Dr. Todd was admitted to Holy Orders under an exhaustive examination by a foremost body of New England scholars, the clergy of the Rhode Island Association of Othordox Congregational Ministers, in the old whitedomed Beneficent Church, Providence, and has observed an unswerving ministry, baptismal waters opening to his service for this sacrament from the Naragansett Bay of the Atlantic Ocean to the far western coast. He feels that the church is more moving and appealing than any other modern activity and that every sensible effort possible should be prayerfully and persistently maintained to effectively bring to the public mind the lasting, enduring qualities of a livable christianity. His whole heart is with the church in all her aggressive, pleasant ways to awaken a more or less lost race from the sin-slumbering of these swiftly flying days.

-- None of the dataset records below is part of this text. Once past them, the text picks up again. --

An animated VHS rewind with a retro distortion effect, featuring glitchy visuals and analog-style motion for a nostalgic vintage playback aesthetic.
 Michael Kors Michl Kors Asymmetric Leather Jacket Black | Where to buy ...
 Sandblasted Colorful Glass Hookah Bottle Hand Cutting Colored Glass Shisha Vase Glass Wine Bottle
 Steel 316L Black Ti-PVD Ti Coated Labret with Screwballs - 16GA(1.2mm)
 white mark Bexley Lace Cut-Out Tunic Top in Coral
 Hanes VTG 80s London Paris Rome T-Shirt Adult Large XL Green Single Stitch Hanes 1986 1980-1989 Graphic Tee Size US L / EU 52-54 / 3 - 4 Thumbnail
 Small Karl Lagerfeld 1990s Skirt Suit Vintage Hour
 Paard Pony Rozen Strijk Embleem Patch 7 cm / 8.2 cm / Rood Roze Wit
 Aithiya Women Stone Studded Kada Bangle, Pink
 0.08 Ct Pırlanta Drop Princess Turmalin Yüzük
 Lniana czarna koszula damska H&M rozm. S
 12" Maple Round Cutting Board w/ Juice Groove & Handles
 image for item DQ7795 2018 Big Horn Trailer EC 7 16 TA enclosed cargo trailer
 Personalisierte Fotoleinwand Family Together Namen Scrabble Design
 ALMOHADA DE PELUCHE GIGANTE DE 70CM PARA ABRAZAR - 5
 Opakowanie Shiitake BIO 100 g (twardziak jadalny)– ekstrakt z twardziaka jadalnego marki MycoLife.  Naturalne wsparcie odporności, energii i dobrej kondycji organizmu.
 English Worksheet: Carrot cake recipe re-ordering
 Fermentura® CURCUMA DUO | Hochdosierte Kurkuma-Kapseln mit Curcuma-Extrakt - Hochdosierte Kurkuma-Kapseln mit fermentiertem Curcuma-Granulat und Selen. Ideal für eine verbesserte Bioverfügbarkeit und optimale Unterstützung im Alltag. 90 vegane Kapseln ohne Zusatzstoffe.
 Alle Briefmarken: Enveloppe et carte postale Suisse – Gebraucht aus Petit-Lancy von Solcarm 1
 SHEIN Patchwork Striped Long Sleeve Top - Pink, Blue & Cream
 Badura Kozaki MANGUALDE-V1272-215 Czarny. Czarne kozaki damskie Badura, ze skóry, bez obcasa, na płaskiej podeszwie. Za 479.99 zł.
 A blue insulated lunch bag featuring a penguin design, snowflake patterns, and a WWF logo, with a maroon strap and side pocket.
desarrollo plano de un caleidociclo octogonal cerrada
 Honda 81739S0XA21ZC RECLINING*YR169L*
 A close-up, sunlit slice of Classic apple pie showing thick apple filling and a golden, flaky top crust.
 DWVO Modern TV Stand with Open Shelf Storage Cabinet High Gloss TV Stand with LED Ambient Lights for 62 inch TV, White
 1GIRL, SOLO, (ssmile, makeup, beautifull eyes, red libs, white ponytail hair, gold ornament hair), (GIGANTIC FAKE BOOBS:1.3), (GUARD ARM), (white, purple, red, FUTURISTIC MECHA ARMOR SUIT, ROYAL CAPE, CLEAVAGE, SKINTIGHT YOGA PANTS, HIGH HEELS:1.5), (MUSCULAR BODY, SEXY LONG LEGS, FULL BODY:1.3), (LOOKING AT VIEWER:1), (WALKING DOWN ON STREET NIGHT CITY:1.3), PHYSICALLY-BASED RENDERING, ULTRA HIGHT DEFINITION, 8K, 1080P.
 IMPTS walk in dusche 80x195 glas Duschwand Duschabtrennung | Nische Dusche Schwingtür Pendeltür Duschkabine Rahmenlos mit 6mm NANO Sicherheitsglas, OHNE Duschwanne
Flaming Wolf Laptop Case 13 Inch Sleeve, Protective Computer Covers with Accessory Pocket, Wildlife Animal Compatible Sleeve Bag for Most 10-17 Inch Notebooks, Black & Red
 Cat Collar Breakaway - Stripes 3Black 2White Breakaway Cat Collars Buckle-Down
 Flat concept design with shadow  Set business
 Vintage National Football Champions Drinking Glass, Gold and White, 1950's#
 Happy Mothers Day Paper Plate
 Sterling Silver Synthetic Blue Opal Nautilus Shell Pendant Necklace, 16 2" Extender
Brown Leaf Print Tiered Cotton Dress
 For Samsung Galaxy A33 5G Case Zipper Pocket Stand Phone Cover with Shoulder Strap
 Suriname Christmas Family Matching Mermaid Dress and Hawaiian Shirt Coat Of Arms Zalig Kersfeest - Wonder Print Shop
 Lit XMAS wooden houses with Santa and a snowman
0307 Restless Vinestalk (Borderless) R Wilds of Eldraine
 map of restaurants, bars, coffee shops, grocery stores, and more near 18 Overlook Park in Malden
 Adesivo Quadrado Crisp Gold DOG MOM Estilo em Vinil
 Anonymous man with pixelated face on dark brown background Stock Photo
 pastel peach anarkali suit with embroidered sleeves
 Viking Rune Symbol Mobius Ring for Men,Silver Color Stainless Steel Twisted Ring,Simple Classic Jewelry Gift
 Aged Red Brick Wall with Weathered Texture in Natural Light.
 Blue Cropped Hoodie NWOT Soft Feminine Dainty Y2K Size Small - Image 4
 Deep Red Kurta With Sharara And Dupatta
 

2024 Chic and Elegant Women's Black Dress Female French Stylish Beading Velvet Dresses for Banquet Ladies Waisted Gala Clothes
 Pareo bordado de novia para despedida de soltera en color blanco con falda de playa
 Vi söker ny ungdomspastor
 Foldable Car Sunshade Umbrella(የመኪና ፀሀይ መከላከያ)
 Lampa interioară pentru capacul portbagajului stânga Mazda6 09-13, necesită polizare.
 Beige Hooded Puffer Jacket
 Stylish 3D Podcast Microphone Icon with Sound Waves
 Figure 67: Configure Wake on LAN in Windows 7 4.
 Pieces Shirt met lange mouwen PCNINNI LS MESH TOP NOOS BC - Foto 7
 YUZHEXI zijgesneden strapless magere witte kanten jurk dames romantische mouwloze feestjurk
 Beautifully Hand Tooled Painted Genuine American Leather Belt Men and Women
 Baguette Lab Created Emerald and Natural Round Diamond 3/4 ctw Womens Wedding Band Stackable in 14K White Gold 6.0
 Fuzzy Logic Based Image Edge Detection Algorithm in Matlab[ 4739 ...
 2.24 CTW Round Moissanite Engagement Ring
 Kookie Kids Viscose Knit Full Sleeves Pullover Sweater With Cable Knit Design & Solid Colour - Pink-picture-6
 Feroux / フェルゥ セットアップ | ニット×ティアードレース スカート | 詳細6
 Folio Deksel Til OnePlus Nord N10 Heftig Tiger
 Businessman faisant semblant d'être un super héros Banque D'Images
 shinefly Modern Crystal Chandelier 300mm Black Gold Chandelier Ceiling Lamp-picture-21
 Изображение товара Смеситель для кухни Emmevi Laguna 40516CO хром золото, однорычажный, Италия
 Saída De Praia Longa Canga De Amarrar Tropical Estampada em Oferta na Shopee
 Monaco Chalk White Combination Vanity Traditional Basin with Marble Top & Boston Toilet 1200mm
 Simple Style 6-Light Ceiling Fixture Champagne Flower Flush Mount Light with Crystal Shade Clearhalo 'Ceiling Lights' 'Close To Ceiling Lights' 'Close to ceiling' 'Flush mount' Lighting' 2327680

Qualifications and work attaining degrees were graduate studies, and partly for theses on many themes, for numerous phases of activity in the churches and acknowledged standing in scholarship recognized at different times by eminent schoolmen, statesmen and clergymen of New England, the South and the West, from among whom the several notable signatories below are selected. There have been two calls to the legislature, he was twice appointed postmaster and a Naval Chaplaincy was offered. He edited two national magazines and owned and edited an important southern journal with a wide circulation and was national correspondent for five standard religious periodicals. He was member of the great Eccumenical Council on Foreign Missions in New York City in the spring of 1900, was vice-president of National Cyclopedia of America Biography, for years lecturer before many patriotic bodies and an accredited delegate-at large to the Atlantic National Congress for a League of Nations, under the auspices of the League to enforce peace, held in New York, February 5-6, 1919.